[Scraped caption text data]
┏━━

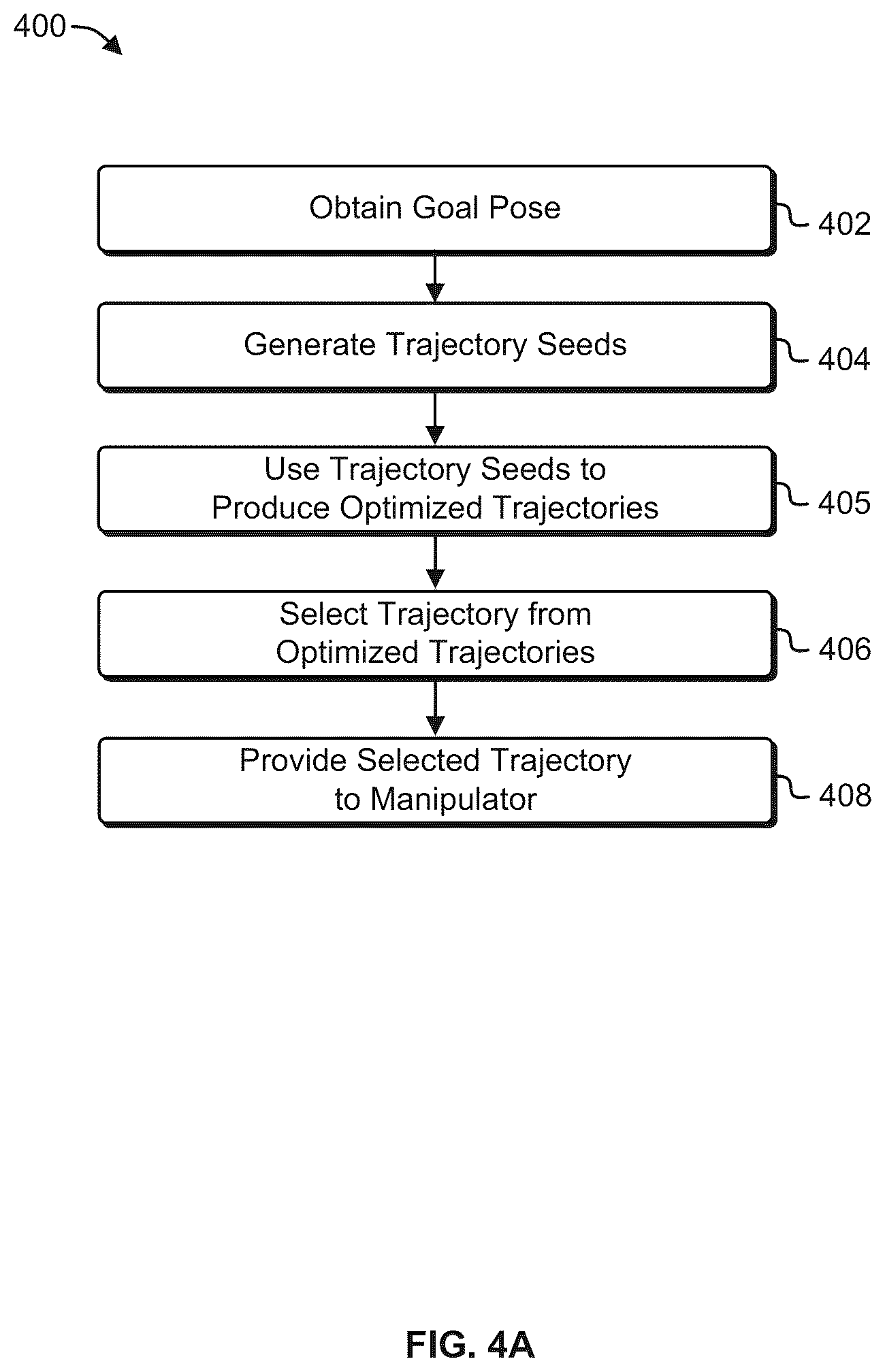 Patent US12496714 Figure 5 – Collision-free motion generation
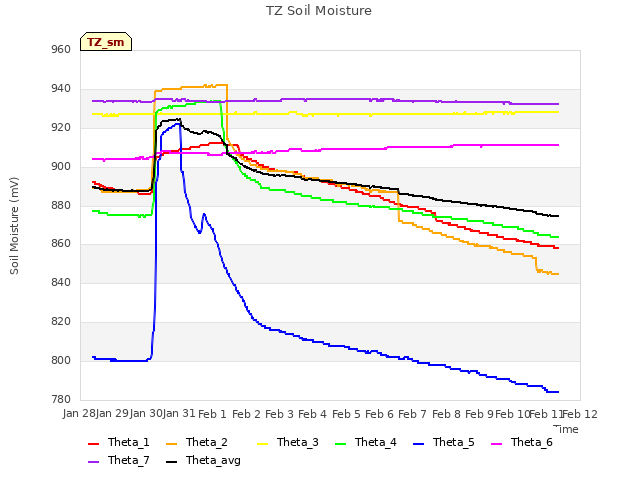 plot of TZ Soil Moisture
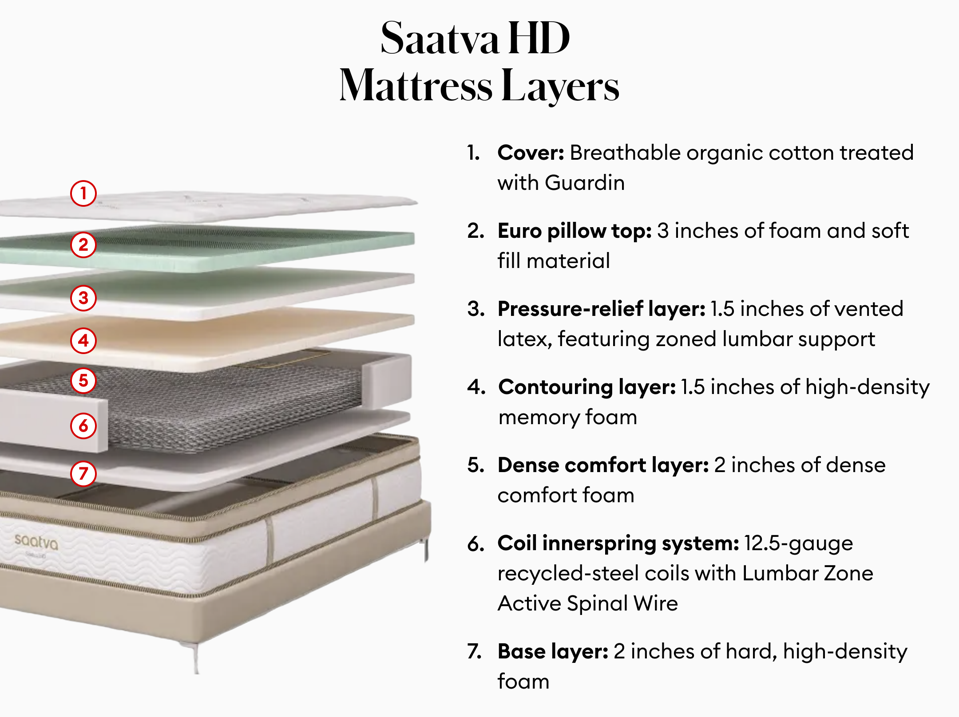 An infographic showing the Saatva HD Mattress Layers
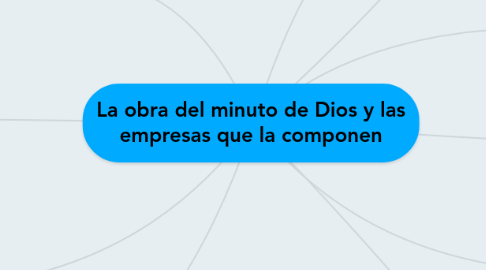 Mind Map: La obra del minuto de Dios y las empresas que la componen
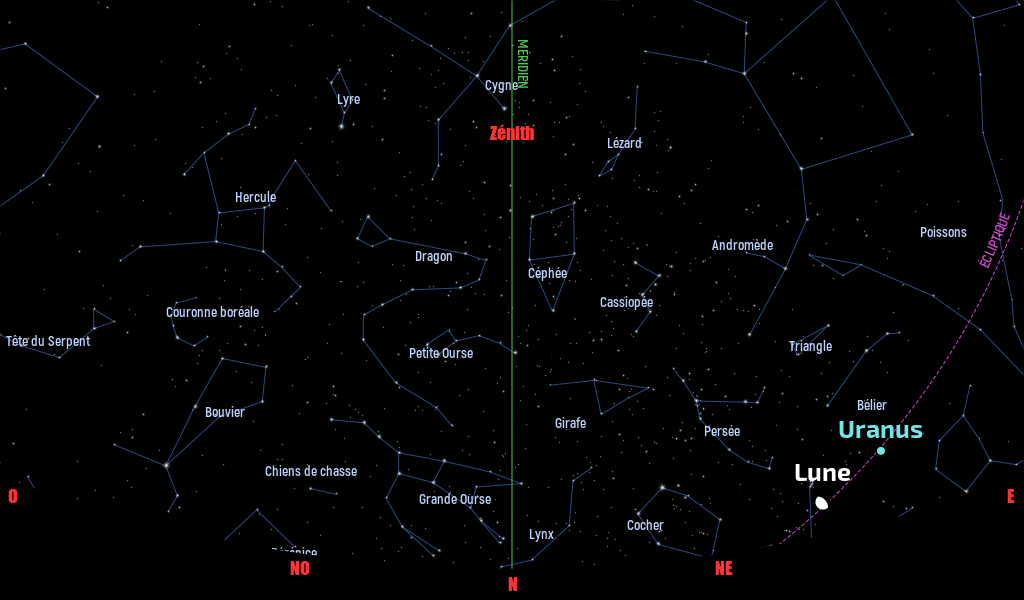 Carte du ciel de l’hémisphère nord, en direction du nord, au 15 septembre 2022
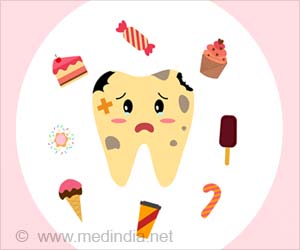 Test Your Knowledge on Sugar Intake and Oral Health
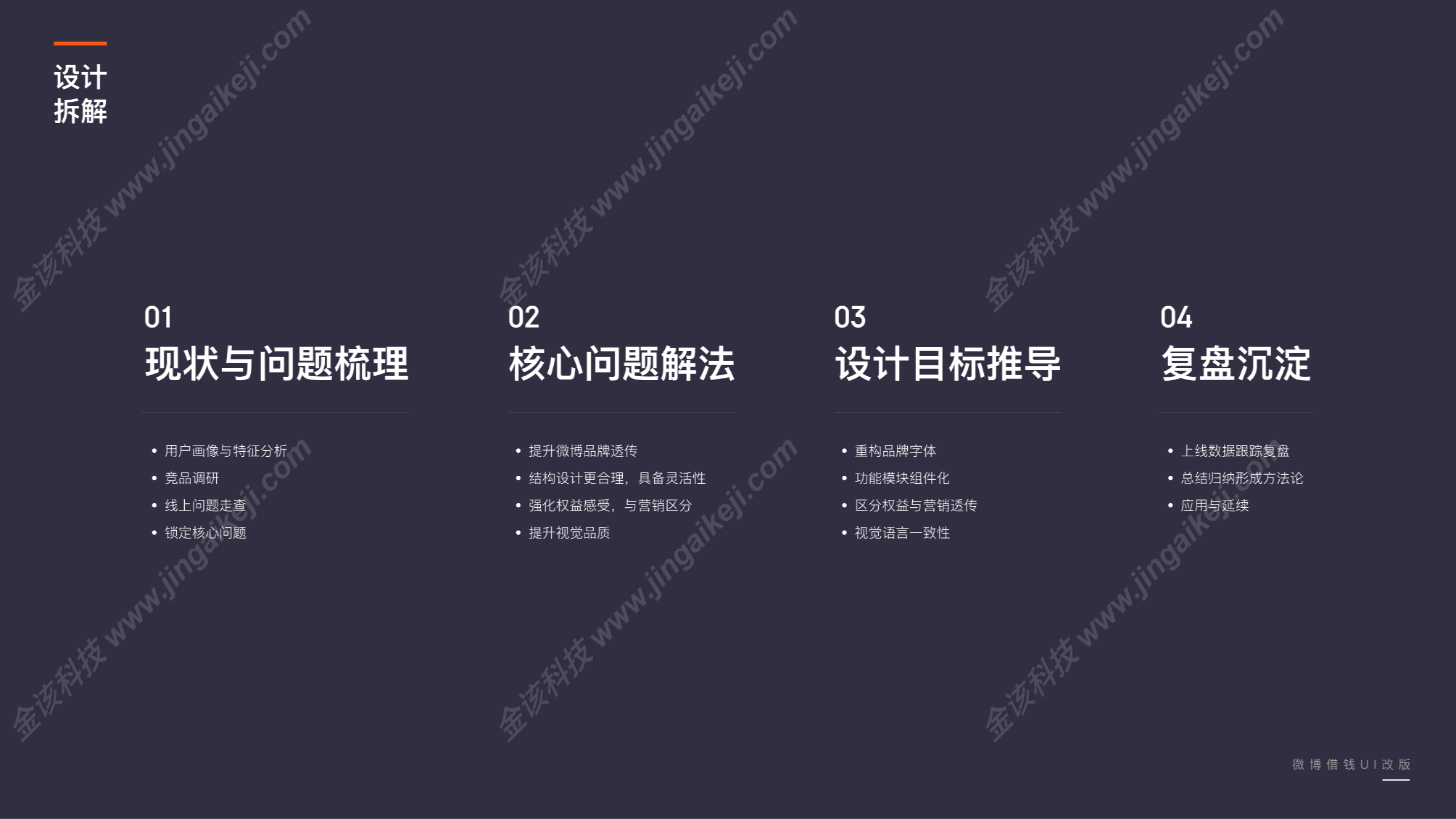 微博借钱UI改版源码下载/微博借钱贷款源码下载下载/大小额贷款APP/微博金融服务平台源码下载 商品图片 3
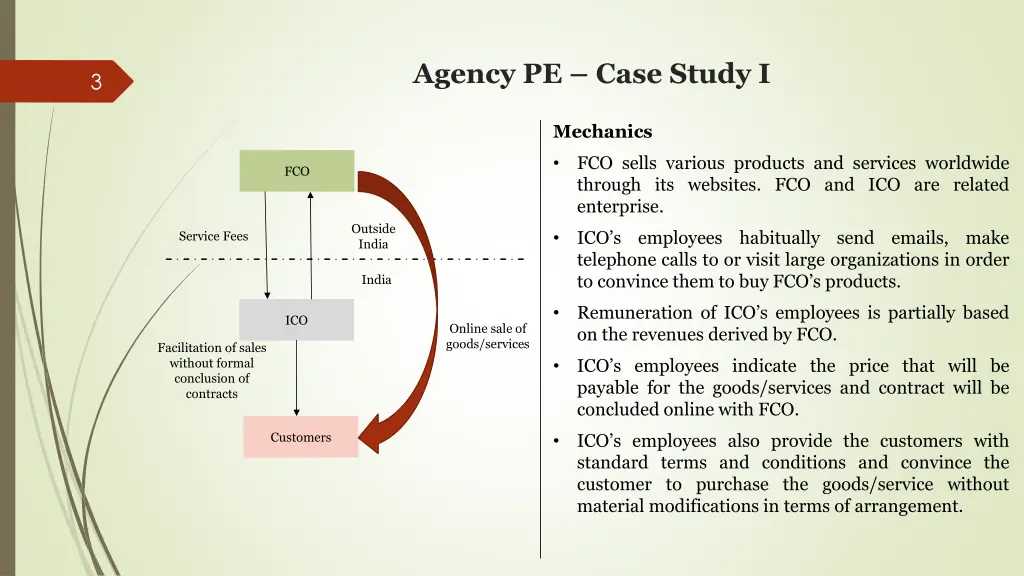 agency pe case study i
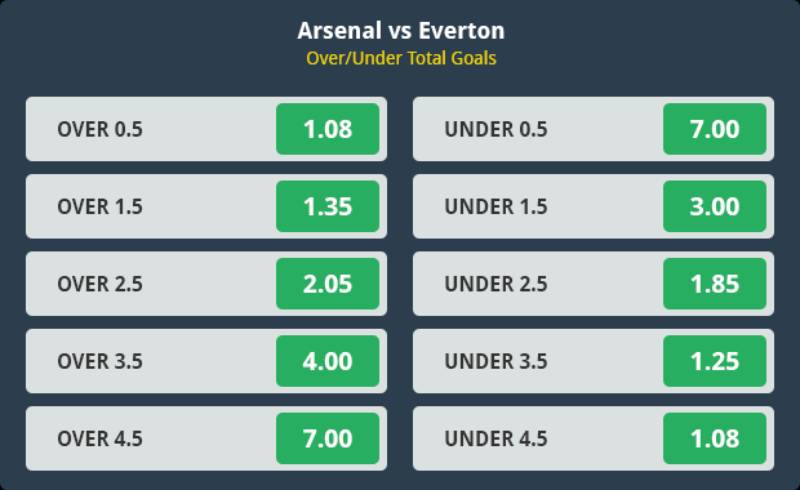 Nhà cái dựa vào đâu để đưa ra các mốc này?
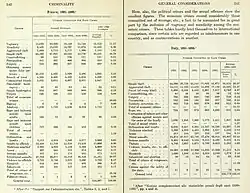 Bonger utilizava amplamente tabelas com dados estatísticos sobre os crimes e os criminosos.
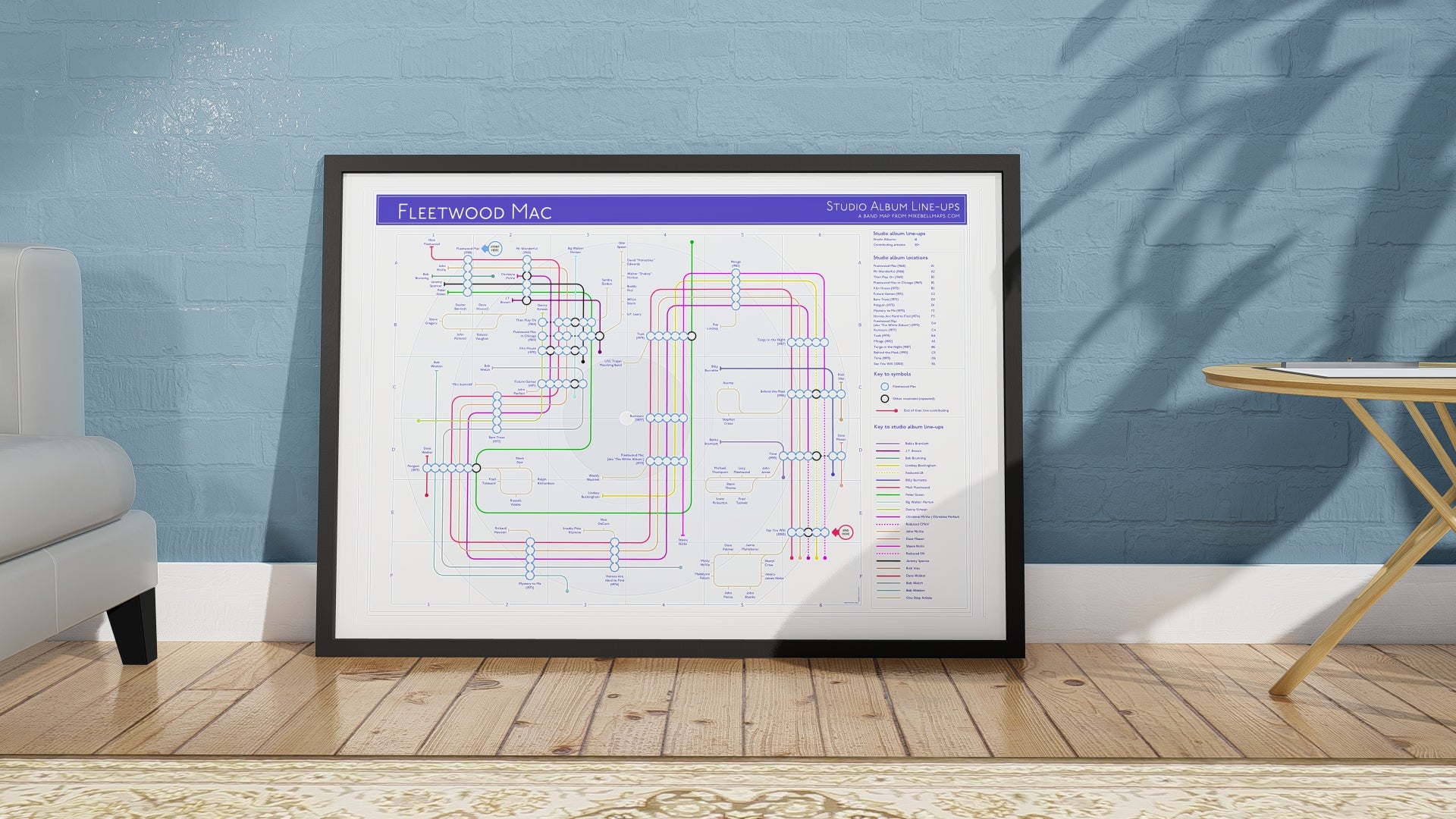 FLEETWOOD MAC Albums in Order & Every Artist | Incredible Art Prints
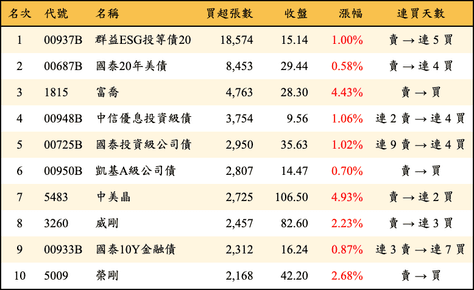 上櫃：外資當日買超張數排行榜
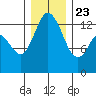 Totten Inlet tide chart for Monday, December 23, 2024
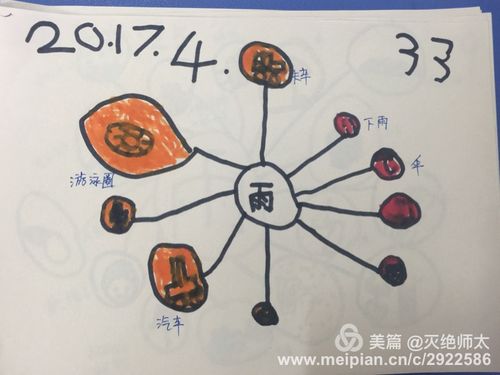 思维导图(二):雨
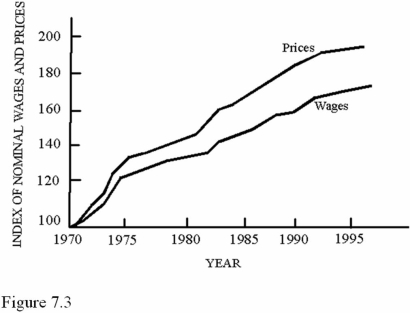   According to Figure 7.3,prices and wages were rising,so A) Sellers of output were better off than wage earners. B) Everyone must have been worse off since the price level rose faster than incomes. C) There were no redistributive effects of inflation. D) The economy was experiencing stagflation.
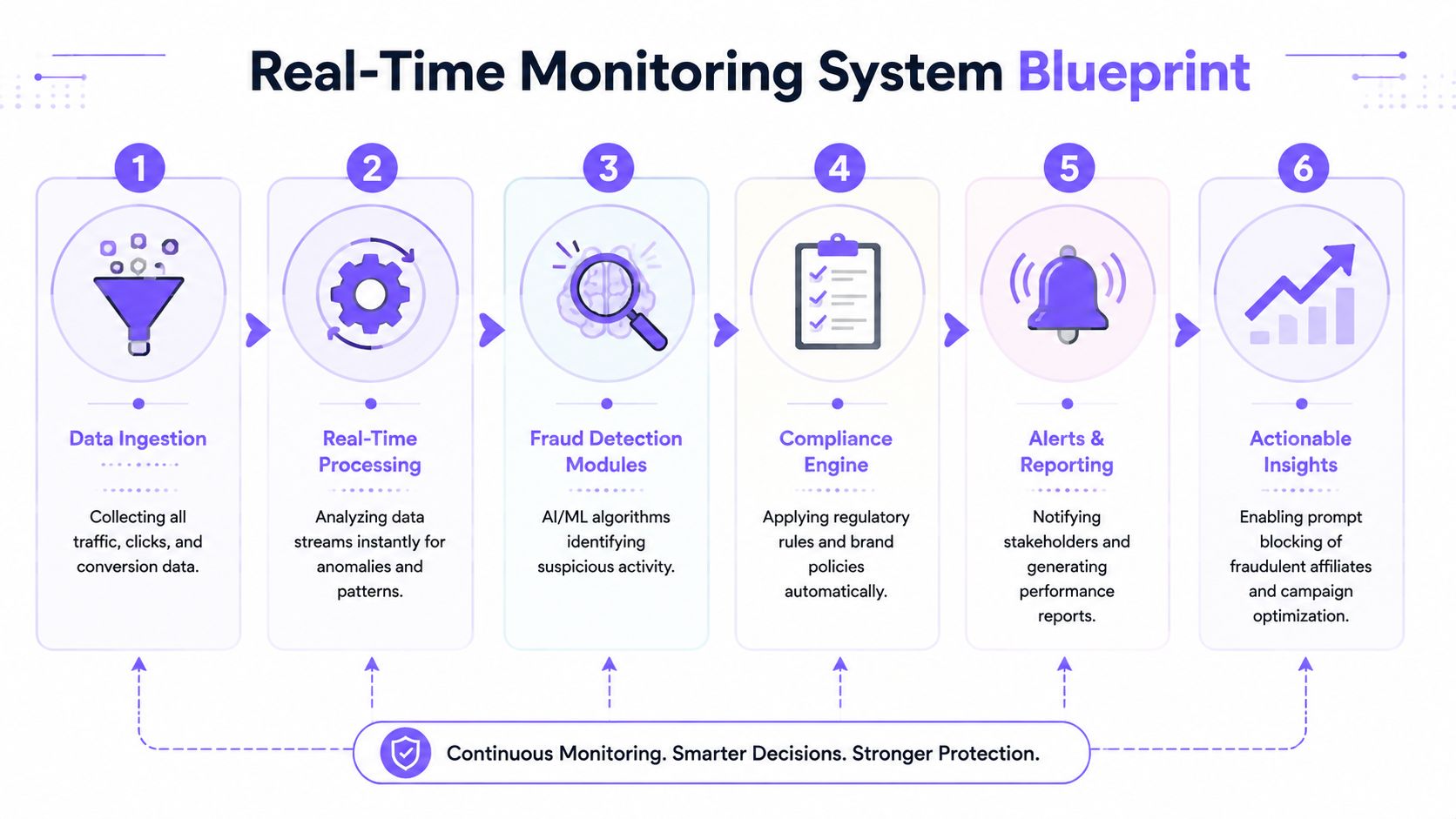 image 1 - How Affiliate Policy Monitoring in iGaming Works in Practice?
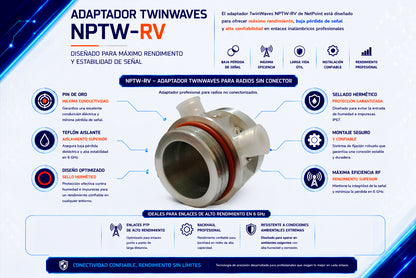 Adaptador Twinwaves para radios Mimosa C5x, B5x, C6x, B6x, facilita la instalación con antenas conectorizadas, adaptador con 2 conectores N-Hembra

┗━━

* [WORK INSTRUCTION]: What is needed is every line of the data above, set down exactly but with the images left out.

* [OUTPUT FOR THIS EXERCISE]:
 Patent US12496714 Figure 5 – Collision-free motion generation
 plot of TZ Soil Moisture
 An infographic showing the Saatva HD Mattress Layers
 Mind Map: La obra del minuto de Dios y las empresas que la componen
 Carte du ciel de l’hémisphère nord, en direction du nord, au 15 septembre 2022
 Test Your Knowledge on Sugar Intake and Oral Health
 微博借钱UI改版源码下载/微博借钱贷款源码下载下载/大小额贷款APP/微博金融服务平台源码下载 商品图片 3
 agency pe case study i
 Nhà cái dựa vào đâu để đưa ra các mốc này?
 Bonger utilizava amplamente tabelas com dados estatísticos sobre os crimes e os criminosos.
 FLEETWOOD MAC Albums in Order & Every Artist | Incredible Art Prints
 上櫃：外資當日買超張數排行榜
 Totten Inlet tide chart for Monday, December 23, 2024
 思维导图(二):雨
   According to Figure 7.3,prices and wages were rising,so A) Sellers of output were better off than wage earners. B) Everyone must have been worse off since the price level rose faster than incomes. C) There were no redistributive effects of inflation. D) The economy was experiencing stagflation.
 image 1 - How Affiliate Policy Monitoring in iGaming Works in Practice?
 Adaptador Twinwaves para radios Mimosa C5x, B5x, C6x, B6x, facilita la instalación con antenas conectorizadas, adaptador con 2 conectores N-Hembra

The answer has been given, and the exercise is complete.